Through the Peace, Social-Economic Justice and Good Governance Program, CCT aims to foster good governance by promoting practices that ensure transparent, accountable, responsive, and effective governance processes at all levels of government. It increases the capacity and responsiveness of local governments, especially through greater input from citizens. The program also aims at enhancing and sustaining peaceful co-existence, respect for human rights and equitable participation in managing and sharing social, economic, political and cultural life among the communities. It promotes equal access to justice and promotes the protection of the full range of human rights to the member of communities. It engages the communities in lobbying and advocacy on human rights, good governance and challenging the unjust systems and structures through Public Expenditure Tracking Surveys (PETS) Committees, Inter-faith Committees, and Paralegals. It encourages government officials and the public to recognize and promote economic, social, and cultural rights as well as civil and political rights. The Program is also involved in peace building, conflict transformation and promotion of sustainable peace in the communities especially the community prone to land based conflicts. The program also facilitates and encourages the establishment of IR-VICOBA as a means of economic empowerment for communities. Collectively, the interventions promoted by the program have ensured good governance, promotion of peace at community level, and creation of awareness on people’s rights in particular children and women. CCT collaborates with other CSOs especially in training paralegals and PETs.

  • Public Expenditure Tracking Surveys (PETS)

PETs ensure good governance by tracking and monitoring income and expenditures of the local government institutions and subsequent development projects carried out by them. From 2014, CCT has strengthened the PETS committees that already existed and facilitated the establishment of new committees in districts where PETS had not yet reached. Currently CCT supported PETS Committees exist and are active in Bahi, Chunya, Gairo, Geita, Kilosa, and Same. PETS committees have been successful in ensuring the village government adheres to good governance and also citizen participation in village meetings. In this, CCT through PETS Committees is addressing a national acknowledged problem of low citizen participation in decision making processes. In 2014, REPOA reported that there were 13% decline in participation in council meetings in rural areas from 2006 to 2013 and 16% decline in village planning meetings in the same period.3 The committees are making significant contribution in opening up space for citizen participation and decision-making on development issues in rural areas. In the districts that the team visited where PETS committees exist, they were actively following up village income and expenditure accounts, development projects, and school projects. The effectiveness of PETS committees can partly be measured by the number of cases that PETS committees addressed. In the 6 districts4 where CCT intervened, PETS committees addressed 114 cases between 2012 and 2014.5 That is an average of 38 cases per year. In 2015, PETS committees addressed 51 cases,6 which is 34% increase. As shown in the table below, CCT has proven to be efficient in PETS.

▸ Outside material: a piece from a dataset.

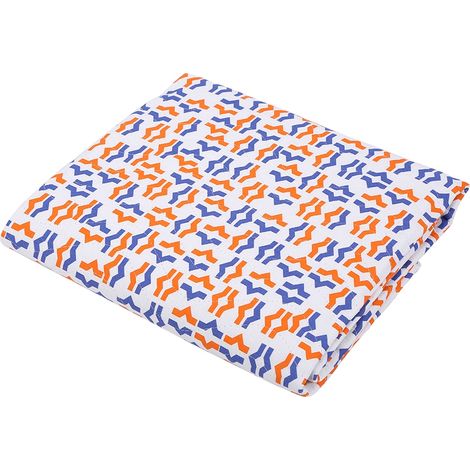 1 tapis d'allaitement lavable et réutilisable pour incontinence adulte, antidérapant (orange et bleu) (1/5)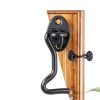 BXUYAOXMC Eye Hook Latch Black Stainless Steel Door Lock-2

Thus overall impact of PETS committees includes: improved good governance at village levels on areas of accountability and transparency and improved social services delivery in rural areas. The local government authorities admitted the positive role of PETS in making them doing their duties. For example, in Chibelela village, the Chairperson of the Village Council admitted “PETS have encouraged the participation of people in Village Assembly/Meetings as a result of mobilization and education by PETS committee.” Among the 51 cases addressed in 2015, 23 were social service delivery (health services and education), and the rest included infrastructure and water supply.7 In 2014/2015, CCT introduced PETS MASTER TRAINERS who have been facilitated to form, establish and mentor PETS Committees in the District of Bahi and Gairo. This Master Trainer approach is potentially consolidating the successes of PETS Committees as it will ensure sustainability and continuous formation of PETS Committees even in villages where CCT might not be able to reach in the future. Since 2015 when this approach was piloted in Bahi, 10 new village PETS Committees have been establishment and strengthening.